New Delhi: Various lawyers' bodies on Saturday expressed "grave concern" over the differences arising between the CJI and four top judges of the Supreme Court.
The Supreme Court Bar Association (SCBA), the Supreme Court Advocates-on-Record Associations (SCAORA) and the Bar Council of India (BCI) in closed-door emergency meetings deliberated the situation arising out of the press conference by four senior-most apex court judges on Friday.
While the SCBA and the SCAORA confined their deliberation to the judiciary, the BCI, the apex body regulating the lawyers, cautioned against politicising the crisis.
"No political party or leader should take undue advantage of the situation arising out of the press conference by four senior Supreme Court judges," BCI chairperson Manan Kumar Mishra said.
Congress president Rahul Gandhi had on Friday addressed the media after the judges went public with their grievances.

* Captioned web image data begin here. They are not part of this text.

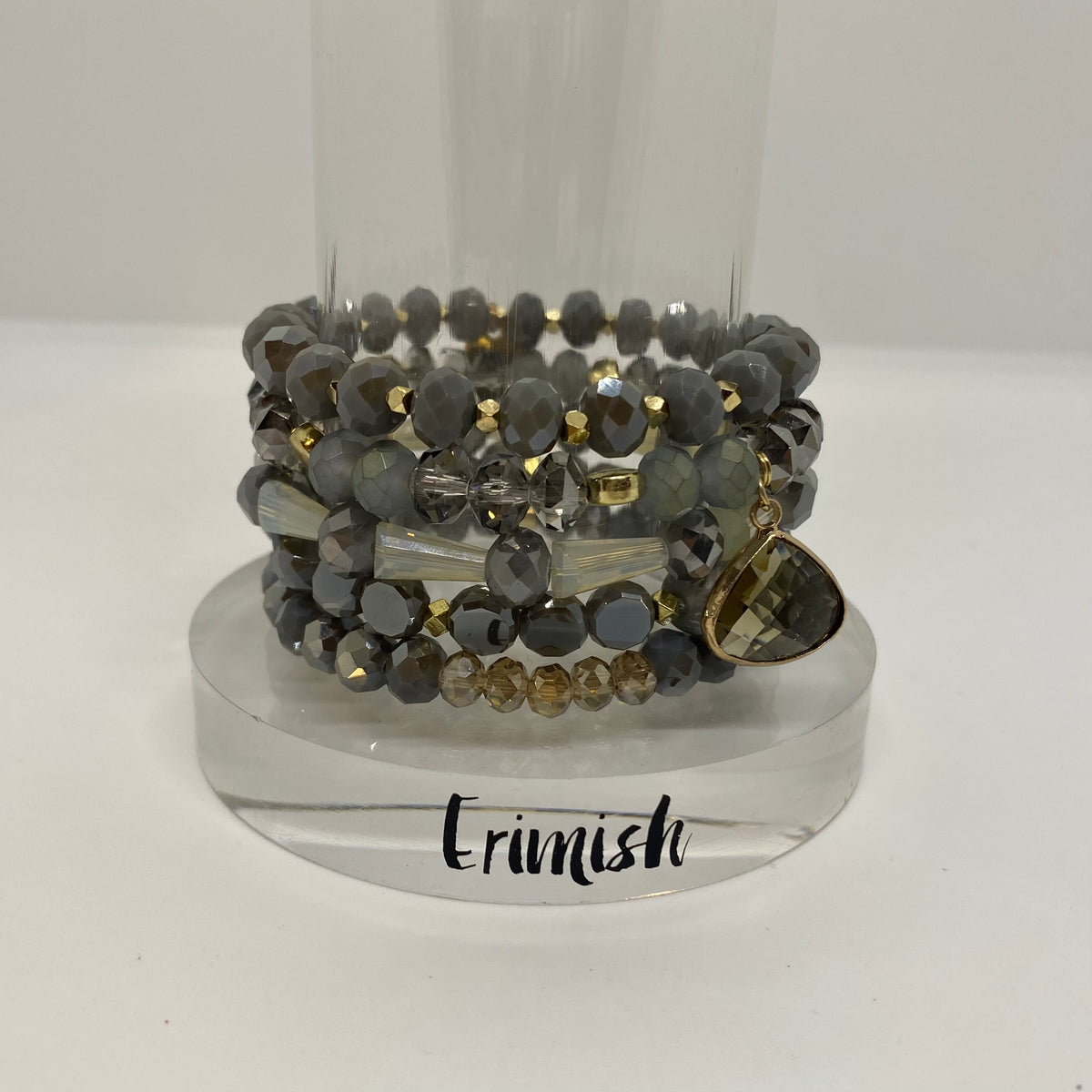 ERIMISH   -  SNOW WHITE  STACK BRACELET SET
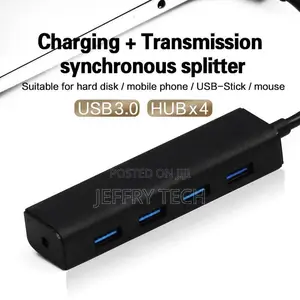 USB Hub USB to 4 Port USB3.0 5gbps Portable Hub Adapter For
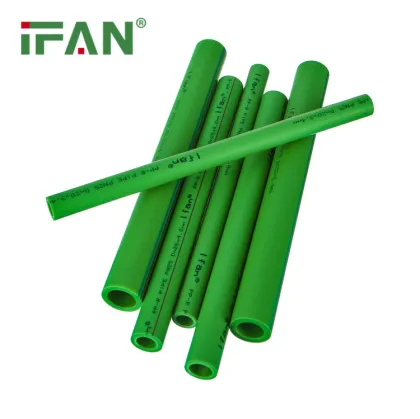 IFAN Green PPR Plumbing Pipes: 20-110mm Pure Plastic PPR Water Pipe PN25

Mishra said a seven-member delegation led by him will on Sunday meet rest of the apex court judges to know their views about the situation and later they would consult with the four senior judges who held the presser. Thereafter the delegation would speak to the CJI and discuss the entire crisis.
The SCBA, which expressed "grave concern" over the differences of the four judges with Chief Justice of India (CJI) Dipak Misra, said the issue should be immediately considered by the full court of the apex court.
The SCBA executive committee, which held an emergency meeting, resolved that all public interest litigation (PIL) matters, including pending PILs, should be either taken up by the CJI or be assigned for adjudication to four senior judges who were part of the apex court collegium.
Besides CJI Misra, others in the collegium in accordance with seniority are - Justices J Chelameswar, Ranjan Gogoi, MB Lokur and Kurian Joseph.
The four judges had in a press conference mounted a virtual revolt against the CJI, listing a litany of problems including the assigning of cases.
SCBA president and senior advocate Vikas Singh said that a resolution for the full court consideration was passed as it is a mechanism in which deliberations by all the judges of the top court takes place in-house and not in the open, PTI reported.
"Executive Committee of SCAORA is concerned and pained with all the events which have tarnished the reputation and image of our esteemed institution. It urges stakeholders to exercise restraint and requests them to resolve all issues internally and within the constitutional framework," its resolution said.
"The differences that have been reported in the press conference by the four senior judges of the Supreme Court and the other differences which are reflected in the newspapers are of grave concern and should be immediately considered by the full court of the SC," Singh said while reading out the resolution.
Singh said that if required, the SCBA would seek an appointment with the CJI and other judges to talk about the developments which were a matter of grave concern.
Here's what happened:
The four judges of the apex court had on Friday raised questions on 'selective' case allocation and certain judicial orders.
Justice Chelameswar, the second senior judge after Chief Justice Dipak Misra, himself had described as an "extraordinary event" in the annals of the Indian judiciary when the judges addressed a joint news conference during which he had said "sometimes administration of the Supreme Court is not in order and many things which are less than desirable have happened in the last few months."
The judge had accused Justice Misra of not taking any "remedial measures" on some of the issues which affected the functioning of the apex court that they had raised. Justice Misra became the CJI on August 28, 2017, and he is due to retire from on October 2 this year.
Unless this institution is preserved, "democracy will not survive" in this country, Justice Chelameswar had said at the unscheduled press conference. The presser was held at his residence.
Justice Chelameswar had also said that all the four judges "failed to persuade CJI that certain things are not in order and therefore you should take remedial measures. Unfortunately, our efforts failed."
Asked what these issues were, he had said they included the "allocation of cases by CJI", and had added, "we owe a responsibility to the institution and the nation. Our efforts have failed in convincing CJI to take steps to protect the institution."
The four judges, in their seven-page letter to the CJI, had said, "It is with great anguish and concern that we have thought it proper to address this letter to you so as to highlight certain judicial orders passed by this court which has adversely affected the overall functioning of the justice delivering system and the independence of the high courts besides impacting the administrative functioning of the office of the Hon'ble Chief Justice of India."
The letter had also said that there have been instances where cases having "far-reaching consequences for the nation" and the institution have been assigned by the chief justices of this court "selectively to the benches 'of their preference' without any rational basis" for such assignment.
"We are not mentioning details only to avoid embarrassing the institution but note that such departures have already damaged the image of this institution to some extent," it had added.